Turning to the actual determination of virus constitution, relatively little has been achieved so far with true tumor agents. Recently, however, the virus of avian myeloblastosis has been found to occur in enormous quantities in the blood of infected chickens and has been successfully isolated from this source by differential centrifugation Bonar and Beard (12) have applied microchemical methods of analysis to material obtained in this way and have shown that the virus contains nucleic acid of the ribose type and that in other respects its chemical constitution is comparable to that of the generality of infectious viruses.

For our own work with the Rous virus we have preferred to rely on thin-sectioning techniques for electron microscopy, coupled with specific enzymic digestions. As has already been pointed out, this approach can be used without complete purification of the virus and in addition it has a further advantage. Chemical analysis can show of what a virus particle consists as a whole, but it cannot give information about the composition of morphological structures in the particle. This type of knowledge can only be obtained by examining these structures in situ, and combined electron microscopy and digestion methods provide a way of doing so.

The starting material for the experiments consisted of suspensions of Rous virus prepared from egg-grown nodules of Rous tumors by treatment with a fluorocarbon; the treatment freed the suspensions of almost all formed host substances, but certain other host-cell contaminants remained (13). However, when the suspensions were subjected to high speed centrifugation, pellets resulted in which characteristic areas were composed almost entirely of uniform particles with which tumor-producing activity could be shown to be associated (13).

Virus-containing fragments of such Rous pellets were fixed with potassium permanganate (14) and prepared directly for thin-sectioning for electron microscopy. When examined in this way the virus was found to be a spherical particle about 75 ray. in diameter, with a central dense nucleoid surrounded by a less dense outer zone or viroplasm, the whole being limited externally by a double membrane (fig. 1).

Besides being an excellent fixative for the electron microscopy of viruses, potassium permanganate has the further important attribute, unlike the more commonly used osmium fixative (15), of allowing subsequent digestion of nucleic acids by appropriate specific nucleases (16). In further experiments virus-containing samples were treated with ribonuclease; they were first fixed, as before, with potassium permanganate and then incubated for 2 hours at 37° C. in 30 percent alcohol containing 0.1 percent by weight of thrice-crystallized, protease-free ribonuclease. At the same time control samples were incubated in alcohol without enzyme. All samples were then dehydrated, embedded, and sectioned for electron microscopy. The enzyme digestions were applied in an alcoholic medium, in order to adhere closely to the series of treatments recommended by Luft (14) for the best possible morphological preservation of specimens. It was known, of course, from preliminary experiments (16) that both types of nuclease were fully active under such conditions.

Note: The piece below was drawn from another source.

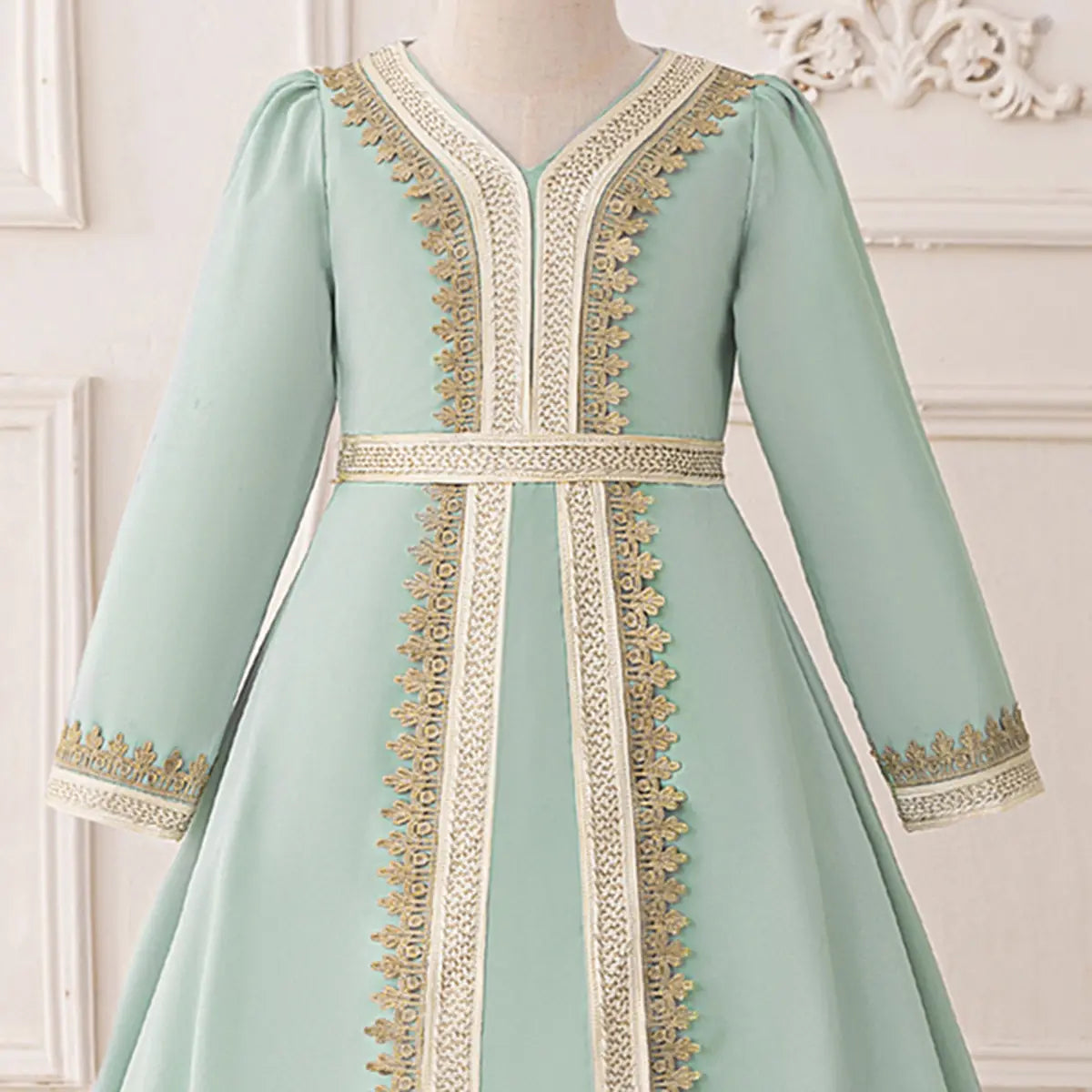 Girls Mint Green Long Sleeves Embroidered Maxi Dress Casual Dresses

Examination showed that the incubation procedure made the particles appear ragged and extracted as compared to samples fixed and prepared directly (fig. 1). Nevertheless, in the control preparations, which were not exposed to ribonuclease (fig. 2), the nucleoids and outer-Umiting membranes of the particles remained intact. In marked contrast, the nucleoids were digested from the particles which had been subjected to the ribonuclease (fig. 3), and these particles were also slightly swollen as if some central bracing structure had been removed. Thus, it can be concluded that the Rous virus contains a substantial amount of ribonucleic acid and the methods used have demonstrated that the site of localization of this material is the nucleoid.